Suleiman did not reply. It occurred to him in that moment just how _little _he knew of Halkeginia, and its history.

An explosion made him jump. His head snapped round, staring back through the trees towards the academy. A column of black smoke was rising from one of the towers.

"Filthy dog!" The cry was distant, but just about audible. "You dare dream of bosoms other than your master's!? Lecherous beast! Water flea!"

"Oh dear," Tiffania commented. "Mister Saito has displeased Miss Louise again."

* * *

_**Upon the main road**_

The cavalcade of carriages bumped and clattered along the dirt road, coachmen hanging on for dear life. Armoured mage-knights rode in pairs between each carriage, and green-clad musketeers screened on either side.

Henrietta de Tristain was not enjoying the journey much. It was not the destination that bothered her; the academy was generally a pleasant place to visit, and she would be in good company. It was the state of the road that made it so unpleasant. She was sure the potholes had gotten worse since last she had passed that way.

"Cardinal Mazarin," she said to her companion, seated opposite. "Do we still have that proposal for paving the roads?"

"Yes, your majesty," the elderly cleric replied. "Although it would be a boon for my old bones, I must recommend forbearance. The kingdom has already voted your majesty considerable sums for other expenses. It would be prudent to wait a while before asking for more money."

He was right, unfortunately. The war against the Reconquista regime had emptied the kingdom's coffers, and disrupted the economy in a thousand and one other ways. Fortunately there had been enough money to pay off the surviving mercenaries, or the situation would have been far worse.

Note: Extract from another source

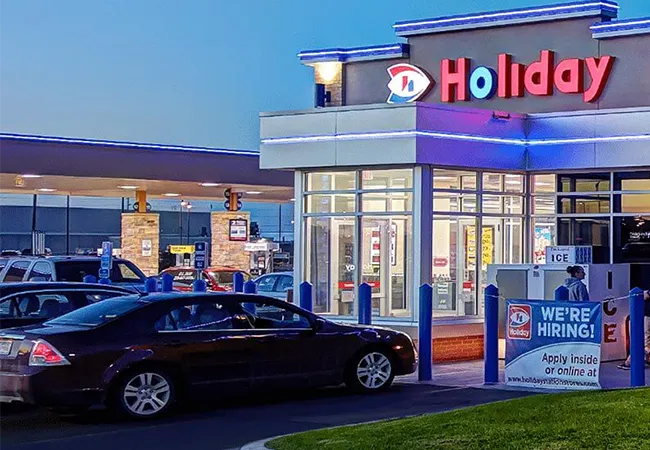 Holiday station store by night with a car in front of it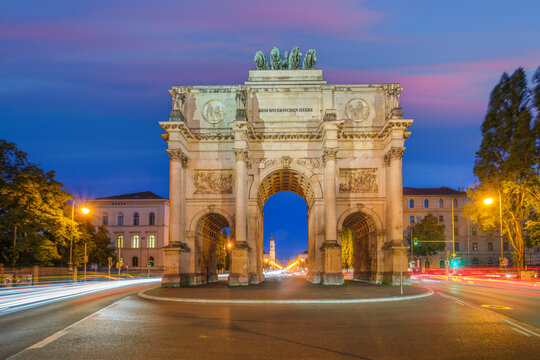Long exposure of the Siegestor triumphal arch in Munich, Germany, at twilight with vibrant traffic light trails.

The burghers of Tristain's many towns had risen to the occasion, voting a large sum of money just to replace the furniture Henrietta had sold off. It would be an embarrassment, so they claimed, for their Queen to live in squalor. Asking them for more money so soon afterwards, even for a civic project, might not be politic.

Henrietta did not like thinking about the war and its consequences, though her duties gave her little choice. She saw its long shadow wherever she went, from the smallest village to her own court in Tristania. A great many young men, and even a few women, had gone off to war; not all of them had returned. The conflict had taken a particularly heavy toll on the nobles, and not through death alone. Many young mages had defected to Reconquista, and some of her own ministers had conspired with them. The traitors were mostly dead or in exile, but their families still had to live with the shame. Fathers and mothers who dared not show their faces in the capital, let alone at court. Sons with little hope of advancement, and daughters with no hope of finding husbands.

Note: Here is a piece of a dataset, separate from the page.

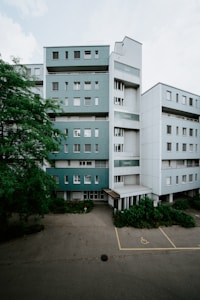 A multi-story residential building with a modern design, featuring teal and white exterior walls. The structure includes numerous windows and a slightly recessed entrance with a small overhang. In front of the building, there is a designated parking space for people with disabilities, indicated by yellow markings on the pavement. Lush greenery and a large tree are present on the left side, adding a natural element to the urban setting. The overall scene appears quiet and empty, with no visible people or vehicles.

So much sadness. Everything so grim, so dour. And it was up to her to put it right.

"Something vexes your majesty?" the cardinal asked. "You seem pensive."

"I was miles away, cardinal." Henrietta sighed, trying to gather herself. "The thought of what I must do weighs upon me, every moment of every day."

"Such is the nature of duty, your majesty," Mazarin admonished mildly, but kindly. "I find it best to take every matter as it comes, and focus on what must be handled directly."

"You are wise as ever, cardinal." Henrietta straightened up, glancing out of the window at the countryside rolling by. "I'm actually looking forward to this little event. It will be good to see everyone again."

"It is a great honour that you will bestow, majesty," the cardinal commented. "The creation of a new order of chivalry is no small matter, even though it is your prerogative."

"I know. But it's the least I can do, considering the academy's services."

Those services had been considerable, over the centuries and in the recent war. Every male student, and one or two of the female students, had taken part in the war. All had distinguished themselves. Not all had come back alive. After much negotiation with her council, the heralds, and even the church, the decision had been taken to honour a select number of students by making them the first members of a new order of knights, named for the water spirit Ondine.

"All the same," she mused, glancing out of the window again. "I would have liked Saito to accept the captaincy. But he insisted that young Guiche de Gramont was more suitable."

"He _is _the youngest son of the House of Gramont," Mazarin reminded her. "And he was honoured for his role. It would seem that the Chevalier d'Hiraga chose wisely."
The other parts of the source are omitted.